Yapılmak istenen yasal düzenleme bu haliyle Anayasamızın 168. maddesinin ön gördüğü koşulları taşımamaktadır.
2840 sayılı kanununun 2. maddesine eklenmek istenen fıkranın Anayasamızın168. maddesinde yer alan düzenleme karşısında; Anayasaya aykırılığının daha da derin ve yapısal bir karakter kazandığı görülmektedir. Nitekim Anayasamızın 168. maddesi tabiî servetler ve kaynaklarla ilgili beş unsurdan oluşmaktadır. Bunlar; Tabiî servetler ve kaynaklar Devletin hüküm ve tasarrufu altındadır.
Tabiî servetler ve kaynakların aranması ve işletilmesi hakkı Devlete aittir. Devlet bu hakkını belli bir süre için, gerçek ve tüzelkişilere devredebilir.

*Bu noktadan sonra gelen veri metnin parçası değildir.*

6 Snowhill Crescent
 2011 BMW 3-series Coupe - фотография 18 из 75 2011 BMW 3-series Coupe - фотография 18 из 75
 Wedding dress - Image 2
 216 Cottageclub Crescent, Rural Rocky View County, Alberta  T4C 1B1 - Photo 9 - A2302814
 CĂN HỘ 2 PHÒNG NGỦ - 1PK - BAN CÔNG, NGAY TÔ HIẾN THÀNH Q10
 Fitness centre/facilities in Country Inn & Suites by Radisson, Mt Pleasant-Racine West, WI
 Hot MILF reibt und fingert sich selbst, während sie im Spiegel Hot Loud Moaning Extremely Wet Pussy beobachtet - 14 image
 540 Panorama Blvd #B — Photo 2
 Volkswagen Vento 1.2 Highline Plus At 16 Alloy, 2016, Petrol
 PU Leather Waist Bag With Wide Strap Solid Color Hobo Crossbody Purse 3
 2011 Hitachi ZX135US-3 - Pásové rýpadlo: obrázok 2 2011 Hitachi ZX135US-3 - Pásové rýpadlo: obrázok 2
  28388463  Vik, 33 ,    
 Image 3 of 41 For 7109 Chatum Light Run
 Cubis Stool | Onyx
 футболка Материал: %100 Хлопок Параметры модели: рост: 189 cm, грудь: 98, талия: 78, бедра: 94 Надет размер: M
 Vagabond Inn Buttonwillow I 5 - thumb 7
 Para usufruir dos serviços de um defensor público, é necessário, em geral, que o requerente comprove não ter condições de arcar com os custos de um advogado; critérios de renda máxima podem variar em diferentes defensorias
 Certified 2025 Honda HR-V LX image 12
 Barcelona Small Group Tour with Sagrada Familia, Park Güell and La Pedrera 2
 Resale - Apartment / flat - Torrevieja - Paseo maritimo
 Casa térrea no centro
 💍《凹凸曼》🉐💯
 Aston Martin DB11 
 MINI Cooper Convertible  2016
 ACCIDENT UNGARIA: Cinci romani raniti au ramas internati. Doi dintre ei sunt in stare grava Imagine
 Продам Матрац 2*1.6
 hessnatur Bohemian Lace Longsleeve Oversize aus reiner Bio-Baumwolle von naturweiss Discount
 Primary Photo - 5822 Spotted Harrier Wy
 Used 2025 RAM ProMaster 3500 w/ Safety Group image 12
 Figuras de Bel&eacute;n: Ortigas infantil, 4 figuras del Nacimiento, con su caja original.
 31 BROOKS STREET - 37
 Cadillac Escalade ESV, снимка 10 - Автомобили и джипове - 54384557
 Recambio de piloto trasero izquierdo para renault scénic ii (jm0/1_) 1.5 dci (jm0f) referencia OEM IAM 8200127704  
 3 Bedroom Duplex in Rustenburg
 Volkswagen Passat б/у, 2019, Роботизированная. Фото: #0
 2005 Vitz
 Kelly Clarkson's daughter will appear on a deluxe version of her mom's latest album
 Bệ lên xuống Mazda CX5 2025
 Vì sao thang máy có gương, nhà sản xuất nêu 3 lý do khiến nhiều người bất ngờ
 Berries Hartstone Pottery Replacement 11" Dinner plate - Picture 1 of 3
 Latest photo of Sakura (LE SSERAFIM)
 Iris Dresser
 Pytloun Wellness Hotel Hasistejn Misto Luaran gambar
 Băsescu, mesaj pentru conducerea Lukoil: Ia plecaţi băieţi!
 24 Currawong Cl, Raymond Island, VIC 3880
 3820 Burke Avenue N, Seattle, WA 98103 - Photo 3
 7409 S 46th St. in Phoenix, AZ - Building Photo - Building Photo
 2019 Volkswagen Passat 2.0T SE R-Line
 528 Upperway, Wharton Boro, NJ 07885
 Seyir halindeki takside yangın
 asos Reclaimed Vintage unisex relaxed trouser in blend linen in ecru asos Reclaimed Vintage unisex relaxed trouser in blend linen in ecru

Hangi tabiî servet ve kaynağın arama ve işletmesinin, Devletin gerçek ve tüzelkişilerle ortak olarak veya doğrudan gerçek ve tüzel kişiler eliyle yapılması, kanunun açık iznine bağlıdır.
Bu durumda gerçek ve tüzelkişilerin uyması gereken şartlar ve Devletçe yapılacak gözetim, denetim usul ve esasları ve müeyyideler kanunda gösterilir.